When five fen are inserted, the reinforcing method is to insert two fens, a moment later insert another two fens, and then another moment later insert one fen. Then pull out the acupuncture needle when the patient inhales, and close the hole immediately to protect the true qi.

When five fens are inserted, the reducing method is to insert five fens, a moment later pull out two fen, another moment later pull out another two fen, and then pull out the needle completely when the patient exhales, which will pull out evil qi. Putting the acupuncture needle against the meridian is the reducing method as well.

Moxibustion also has the rule of reinforcing and reducing. The reinforcing method is to wait for moxa fire to reach the skin and extinguish itself. The reducing method is extinguishing it before the moxa fire reaches the skin. The hand method has been clear enough since ancient times, but later generations need help understanding the idea. They rely more on measurements in locating points, and they do not know that arterial pulses respond to hands. They must select essential disease points and only needle a few meridians with thought. They end up letting the true qi leak out of the body without treating the root of the disease. This is what ancient people said, “how could you expect to catch a rabbit if you spread the net wide in the yard?”
I was not smart, and I worked at a clinic due to the diseases of my parents when I was young. I made great efforts and was able to open my eyes to medicine.
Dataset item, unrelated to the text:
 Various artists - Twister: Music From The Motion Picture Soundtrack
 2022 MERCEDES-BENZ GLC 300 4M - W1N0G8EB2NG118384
The correct rule may not be passed down to others. I edited what I saw and heard and wrote the importance of examining diseases. I also discussed the transformation of diseases, clarified reinforcing and reducing techniques, and corrected the wrong point locations. I also wrote some miscellaneous things, recorded the essential points I had tried myself along with the suitable medicine for diseases, and combined them into one book. I dare not compare my book to the books of the ancient people, but I find it unbearable to throw away what I have learned with great difficulty in my whole life. People who read the book will add their ideas and help end suffering.

Huh, Im wrote.

We already know the basics of moxibustion and acupuncture, but we should keep them in mind anytime we treat patients. In clinical settings, it’s easy to forget the fundamentals of acupuncture and moxibustion. We prefer to use various acupuncture and moxibustion treatment techniques, but it all boils down to one thing: Neijing.